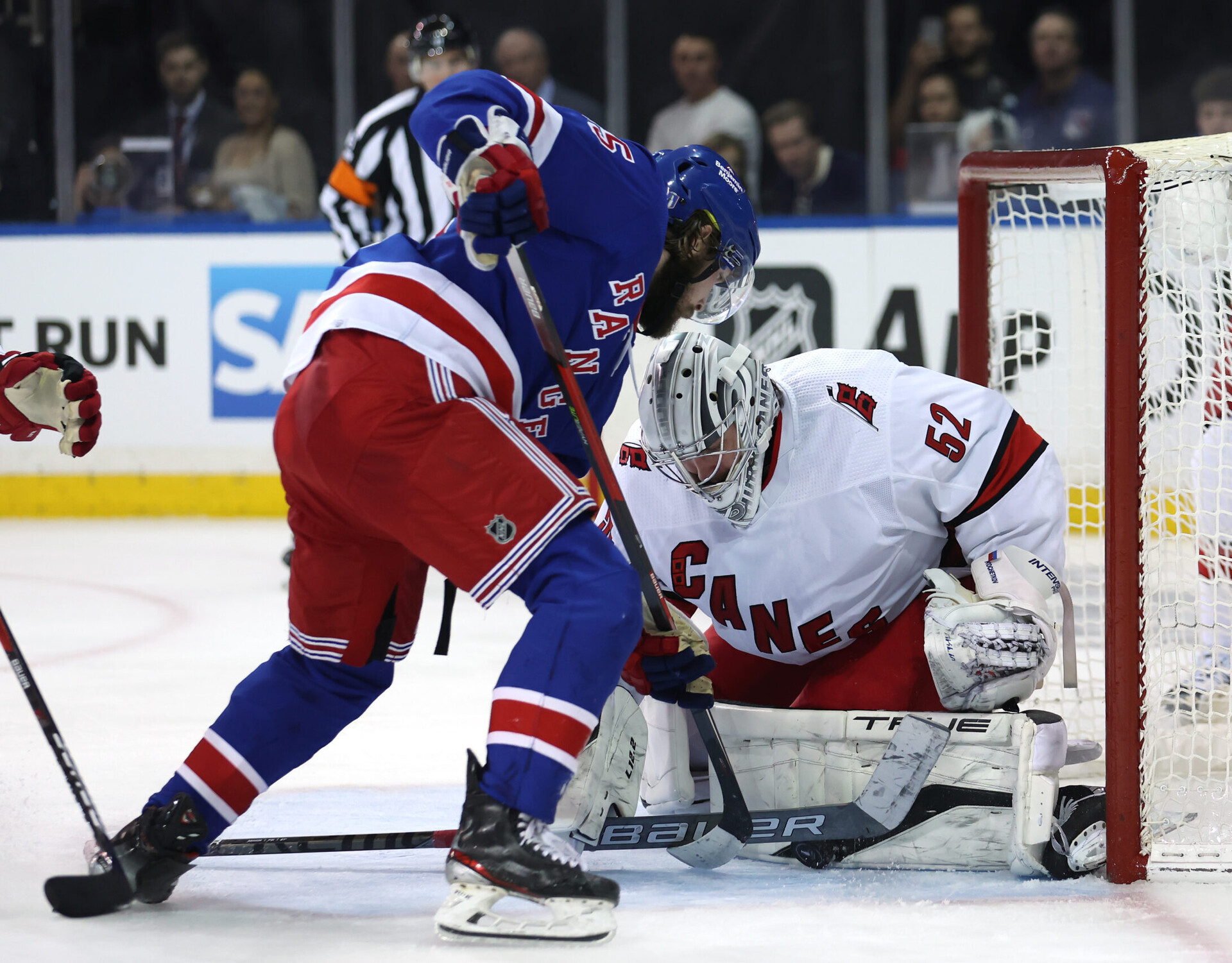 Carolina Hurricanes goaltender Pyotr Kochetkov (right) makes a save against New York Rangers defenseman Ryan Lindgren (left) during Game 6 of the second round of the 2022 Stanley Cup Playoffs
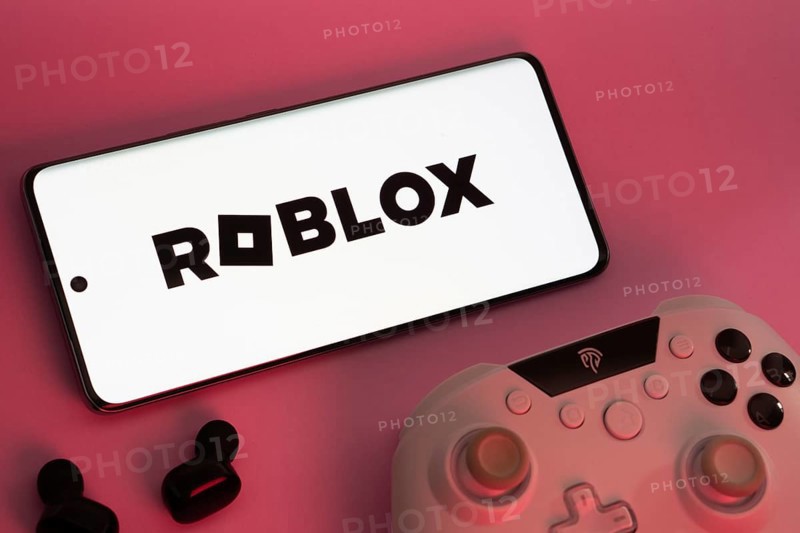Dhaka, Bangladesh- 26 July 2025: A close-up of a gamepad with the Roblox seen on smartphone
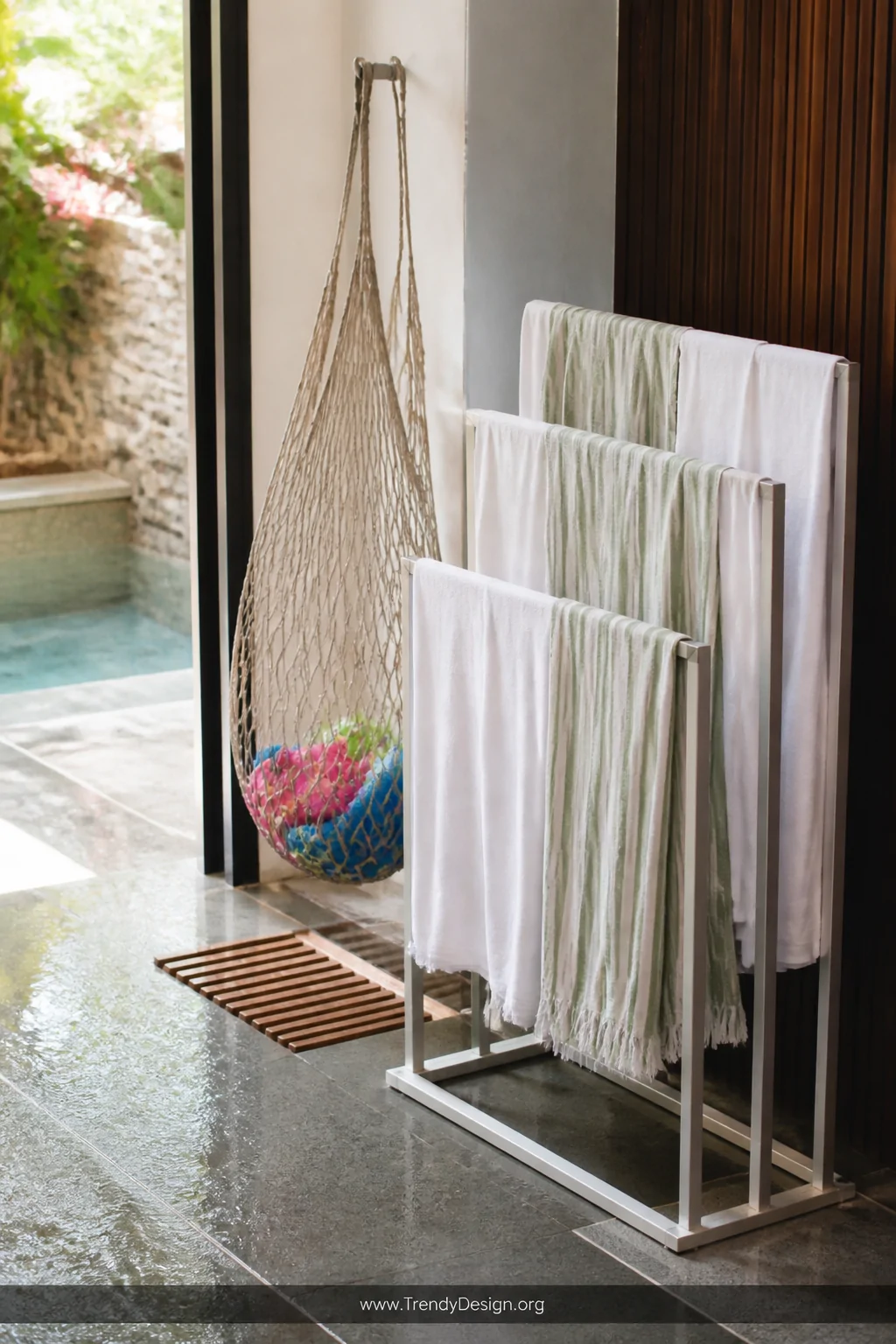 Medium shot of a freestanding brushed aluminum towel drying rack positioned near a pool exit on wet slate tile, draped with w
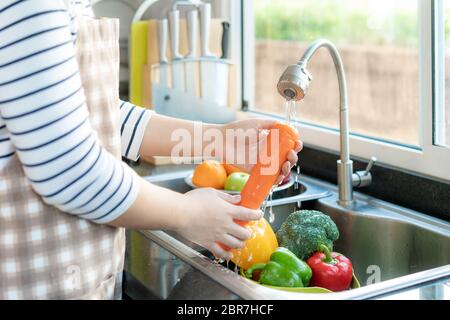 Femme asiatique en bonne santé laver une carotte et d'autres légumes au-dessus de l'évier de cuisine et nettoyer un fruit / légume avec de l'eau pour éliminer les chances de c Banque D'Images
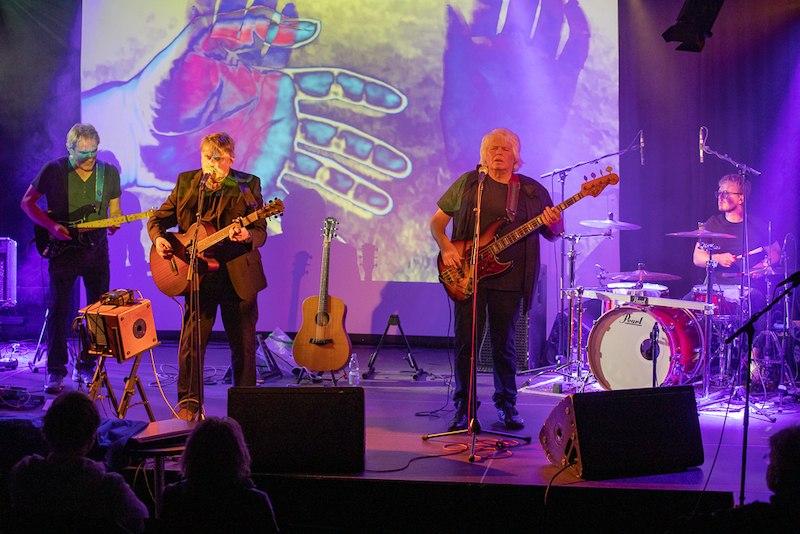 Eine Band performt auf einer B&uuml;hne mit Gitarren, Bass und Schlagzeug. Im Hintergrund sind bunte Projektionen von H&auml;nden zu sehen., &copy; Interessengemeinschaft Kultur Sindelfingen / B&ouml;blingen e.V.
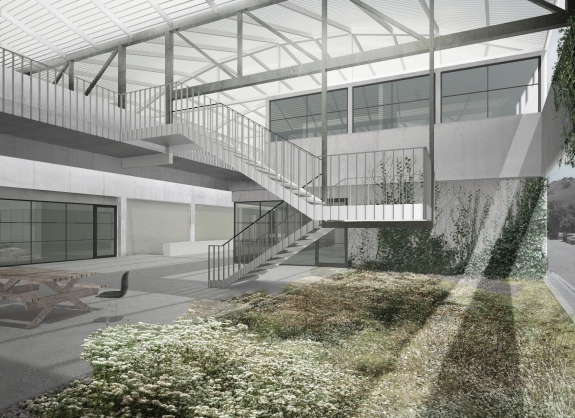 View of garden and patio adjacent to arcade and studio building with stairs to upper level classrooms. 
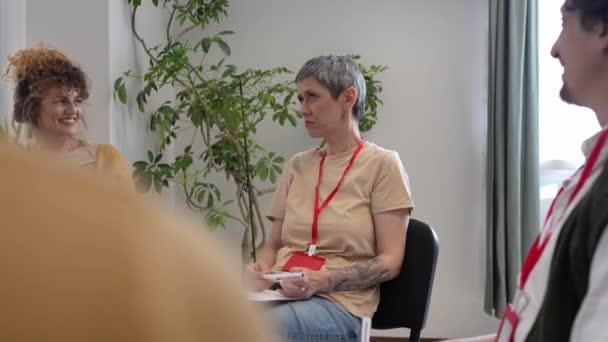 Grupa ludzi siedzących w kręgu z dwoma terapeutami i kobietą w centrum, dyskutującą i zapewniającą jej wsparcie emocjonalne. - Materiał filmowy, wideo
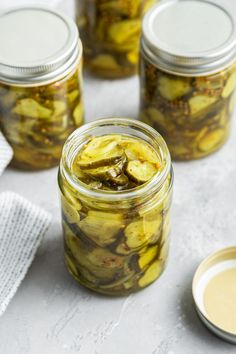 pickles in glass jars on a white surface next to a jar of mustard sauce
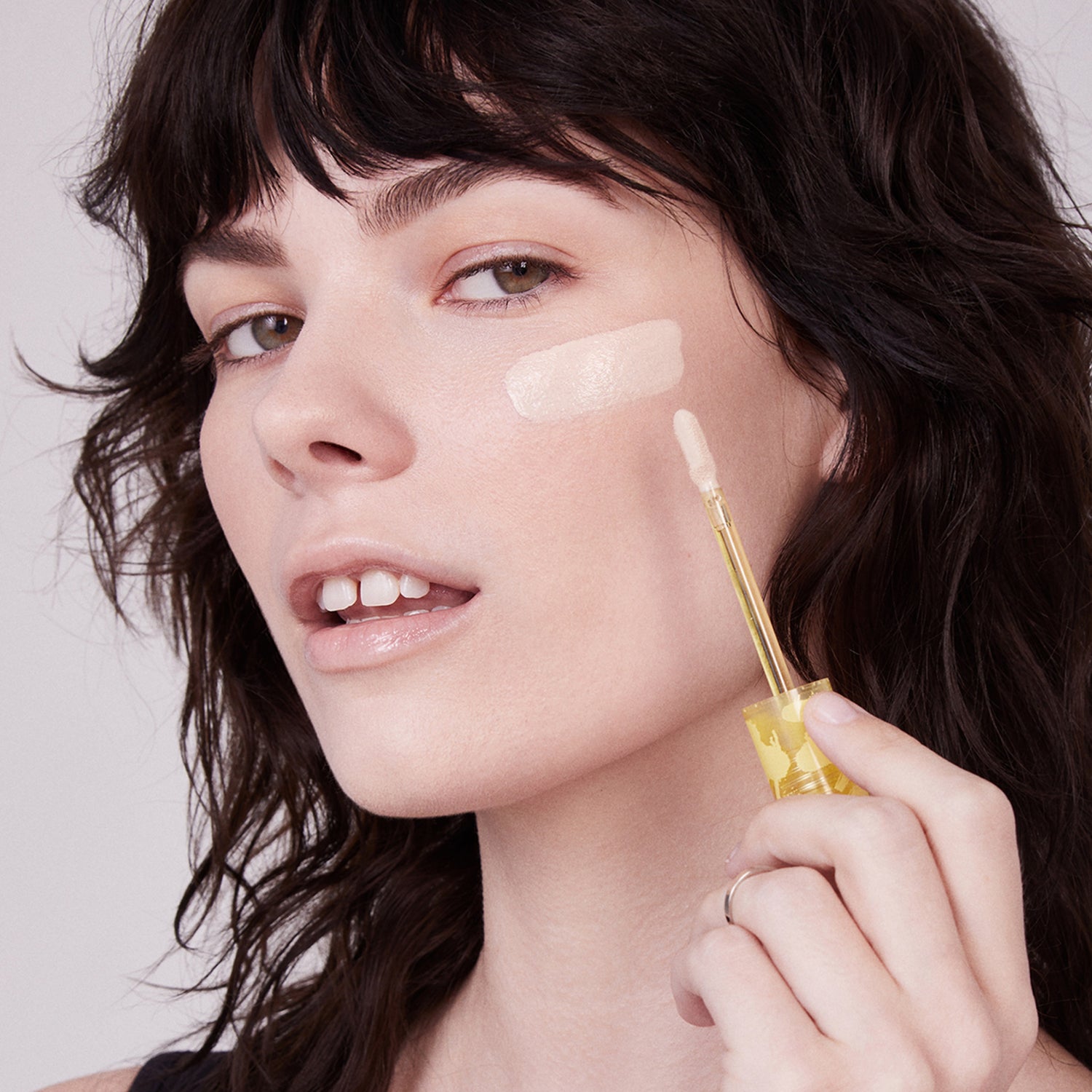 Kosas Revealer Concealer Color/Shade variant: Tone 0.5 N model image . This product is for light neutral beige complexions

EXERCISE AIM:
Output exactly, and only, the lines running from the line containing "Grupa ludzi siedzących" to the last line of the entries above, omitting the pictures.

RESULT OF THIS TASK:
 Grupa ludzi siedzących w kręgu z dwoma terapeutami i kobietą w centrum, dyskutującą i zapewniającą jej wsparcie emocjonalne. - Materiał filmowy, wideo
 pickles in glass jars on a white surface next to a jar of mustard sauce
 Kosas Revealer Concealer Color/Shade variant: Tone 0.5 N model image . This product is for light neutral beige complexions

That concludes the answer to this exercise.